▶ [Task directions]
Could you print exactly the lines from the one that contains "WOOOLKEN USB Stick" to the end of the data, both ends included, and nothing else? Skip the pictures.
━━ Input data
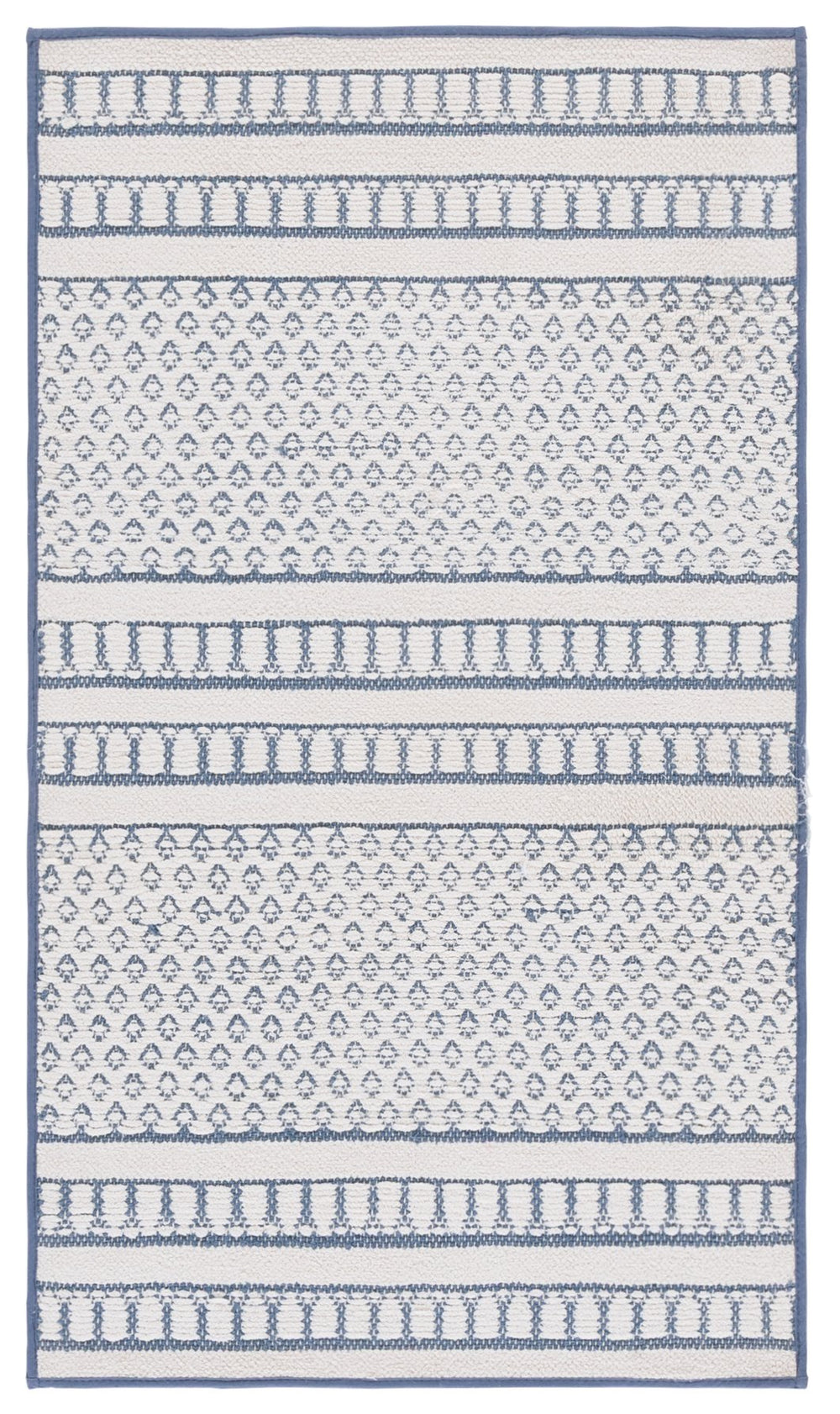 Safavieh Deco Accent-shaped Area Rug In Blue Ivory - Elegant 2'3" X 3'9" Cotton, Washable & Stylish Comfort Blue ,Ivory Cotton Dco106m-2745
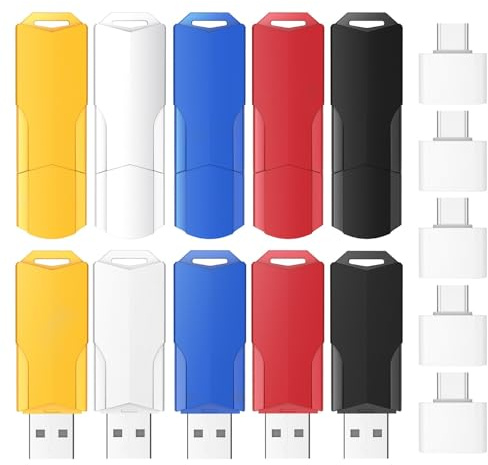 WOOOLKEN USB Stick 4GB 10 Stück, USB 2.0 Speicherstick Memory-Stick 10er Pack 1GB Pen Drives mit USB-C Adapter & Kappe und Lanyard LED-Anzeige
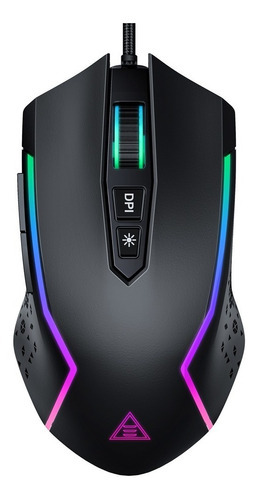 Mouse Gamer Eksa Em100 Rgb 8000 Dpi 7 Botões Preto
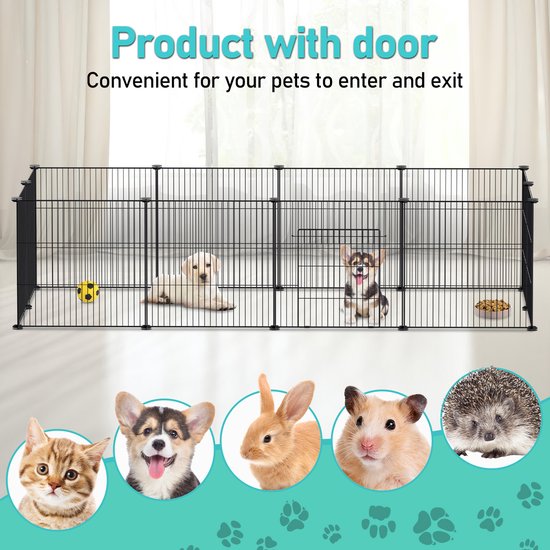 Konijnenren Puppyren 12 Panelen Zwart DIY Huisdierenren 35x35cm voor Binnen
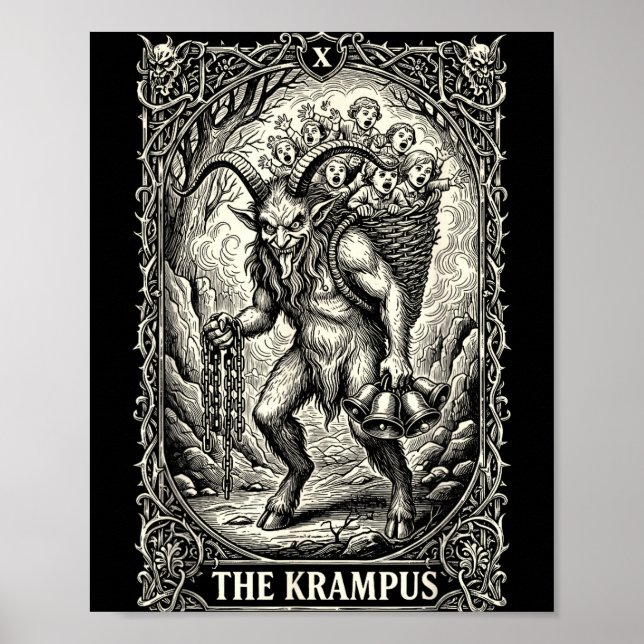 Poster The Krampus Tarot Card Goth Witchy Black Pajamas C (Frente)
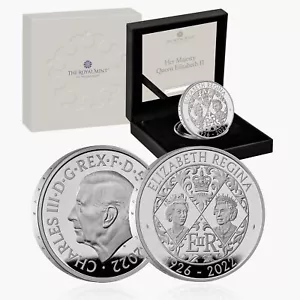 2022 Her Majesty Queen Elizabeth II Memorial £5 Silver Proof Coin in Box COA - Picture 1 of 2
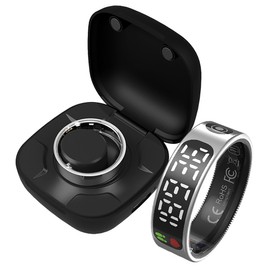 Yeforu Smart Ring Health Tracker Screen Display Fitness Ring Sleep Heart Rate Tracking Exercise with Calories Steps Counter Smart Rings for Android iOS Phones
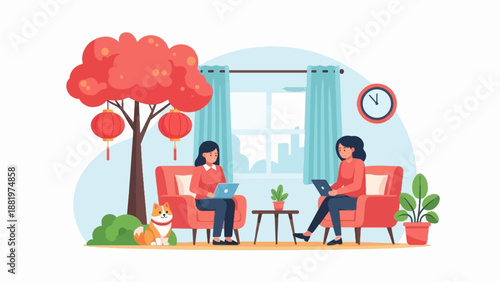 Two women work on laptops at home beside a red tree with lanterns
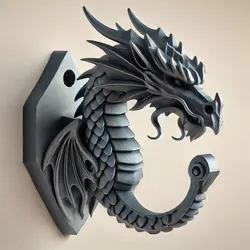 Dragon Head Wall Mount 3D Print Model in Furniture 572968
━━━━
▶ [Result for this task]
 WOOOLKEN USB Stick 4GB 10 Stück, USB 2.0 Speicherstick Memory-Stick 10er Pack 1GB Pen Drives mit USB-C Adapter & Kappe und Lanyard LED-Anzeige
 Mouse Gamer Eksa Em100 Rgb 8000 Dpi 7 Botões Preto
 Konijnenren Puppyren 12 Panelen Zwart DIY Huisdierenren 35x35cm voor Binnen
 Poster The Krampus Tarot Card Goth Witchy Black Pajamas C (Frente)
 2022 Her Majesty Queen Elizabeth II Memorial £5 Silver Proof Coin in Box COA - Picture 1 of 2
 Yeforu Smart Ring Health Tracker Screen Display Fitness Ring Sleep Heart Rate Tracking Exercise with Calories Steps Counter Smart Rings for Android iOS Phones
 Two women work on laptops at home beside a red tree with lanterns
 Dragon Head Wall Mount 3D Print Model in Furniture 572968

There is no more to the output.